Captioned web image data
=-=-=-=-=

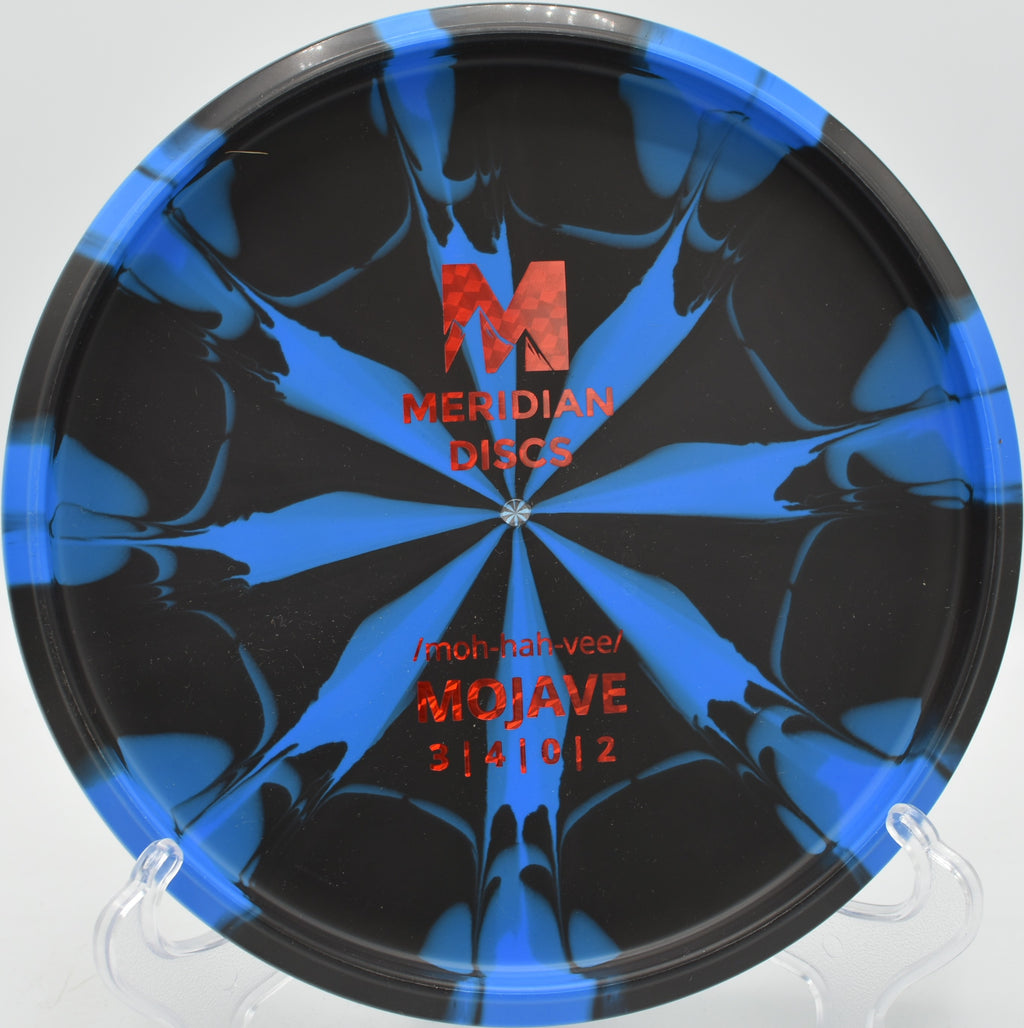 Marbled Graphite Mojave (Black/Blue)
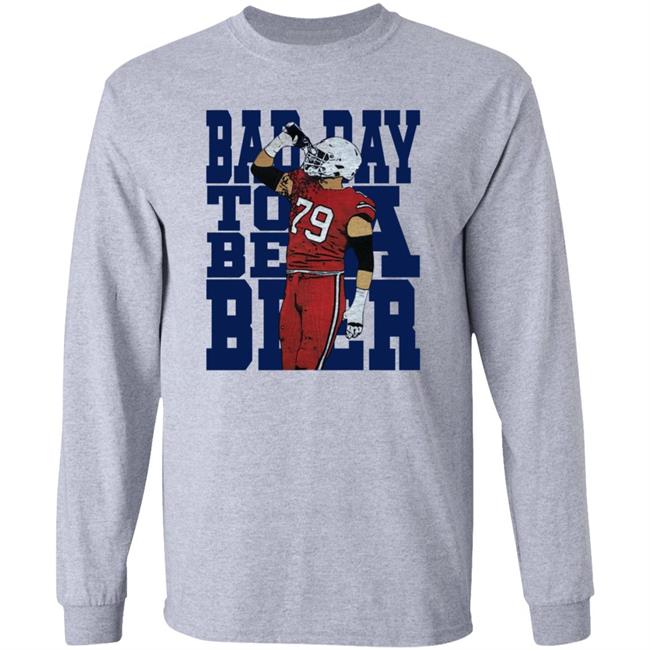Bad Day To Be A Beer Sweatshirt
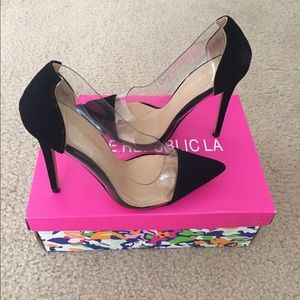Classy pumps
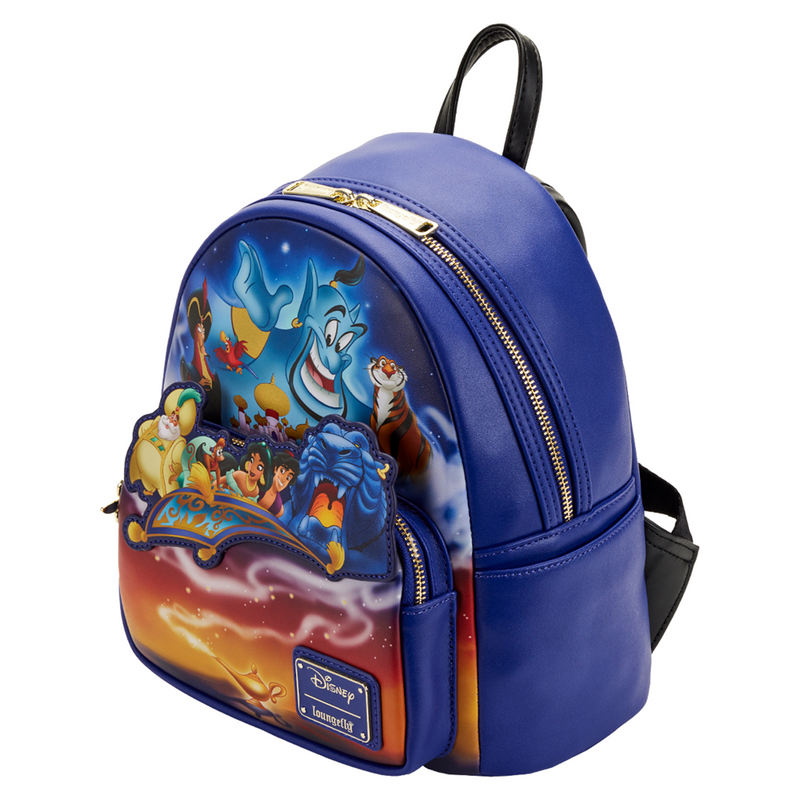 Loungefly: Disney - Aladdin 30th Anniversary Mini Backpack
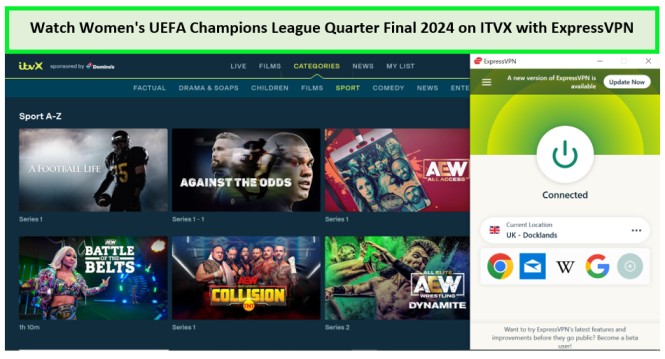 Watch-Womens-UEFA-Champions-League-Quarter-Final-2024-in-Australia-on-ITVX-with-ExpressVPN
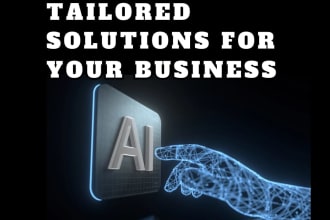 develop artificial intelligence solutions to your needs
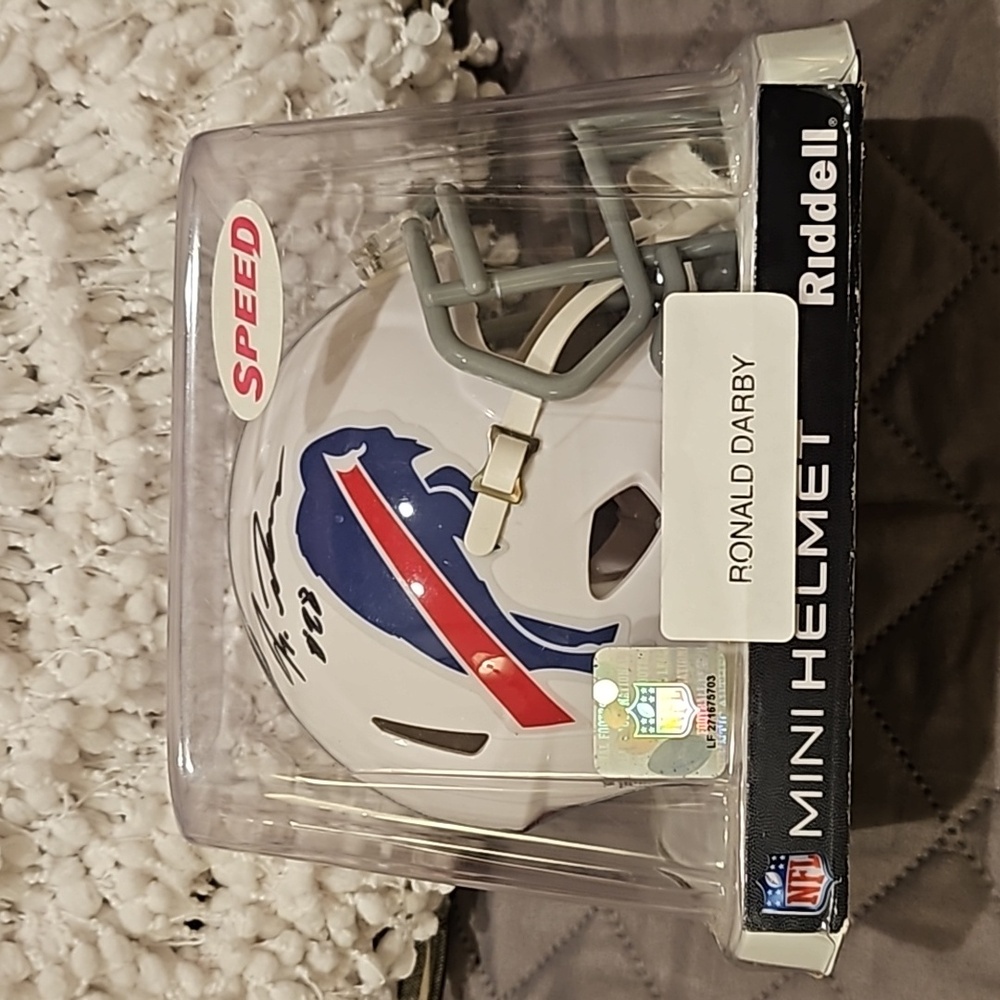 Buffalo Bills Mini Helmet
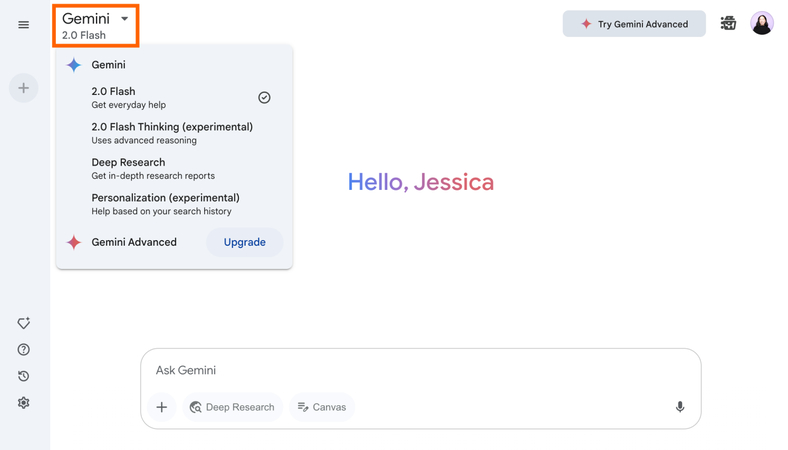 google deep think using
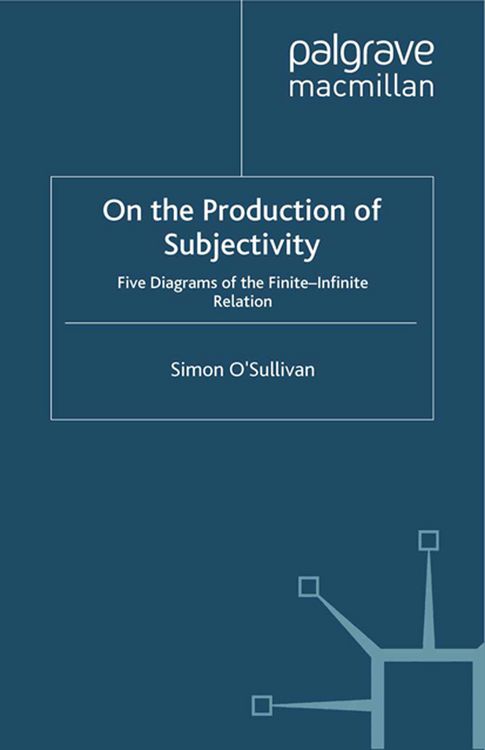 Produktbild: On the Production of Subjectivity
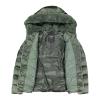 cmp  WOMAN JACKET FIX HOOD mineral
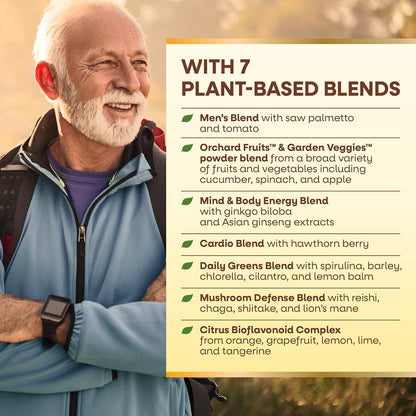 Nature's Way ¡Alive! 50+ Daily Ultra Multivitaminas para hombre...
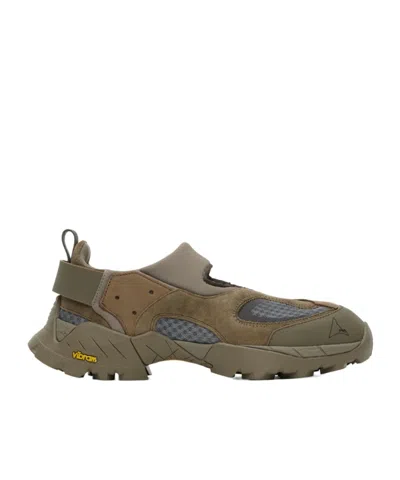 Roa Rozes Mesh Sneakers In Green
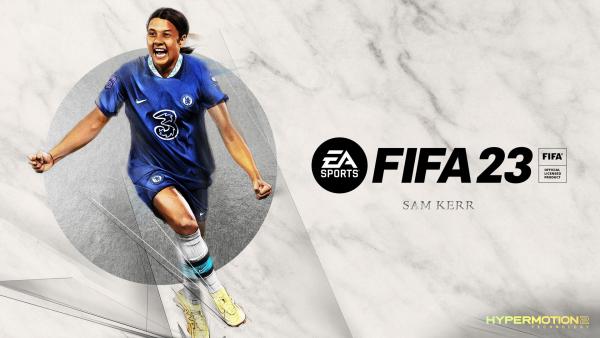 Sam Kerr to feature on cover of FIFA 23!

=-=-=-=-=

Word for word, repeat all the data, but not its images.

 Marbled Graphite Mojave (Black/Blue)
Bad Day To Be A Beer Sweatshirt
Classy pumps
 Loungefly: Disney - Aladdin 30th Anniversary Mini Backpack
 Watch-Womens-UEFA-Champions-League-Quarter-Final-2024-in-Australia-on-ITVX-with-ExpressVPN
 develop artificial intelligence solutions to your needs
 Buffalo Bills Mini Helmet
 google deep think using
 Produktbild: On the Production of Subjectivity
 cmp  WOMAN JACKET FIX HOOD mineral
 Nature's Way ¡Alive! 50+ Daily Ultra Multivitaminas para hombre...
 Roa Rozes Mesh Sneakers In Green
 Sam Kerr to feature on cover of FIFA 23!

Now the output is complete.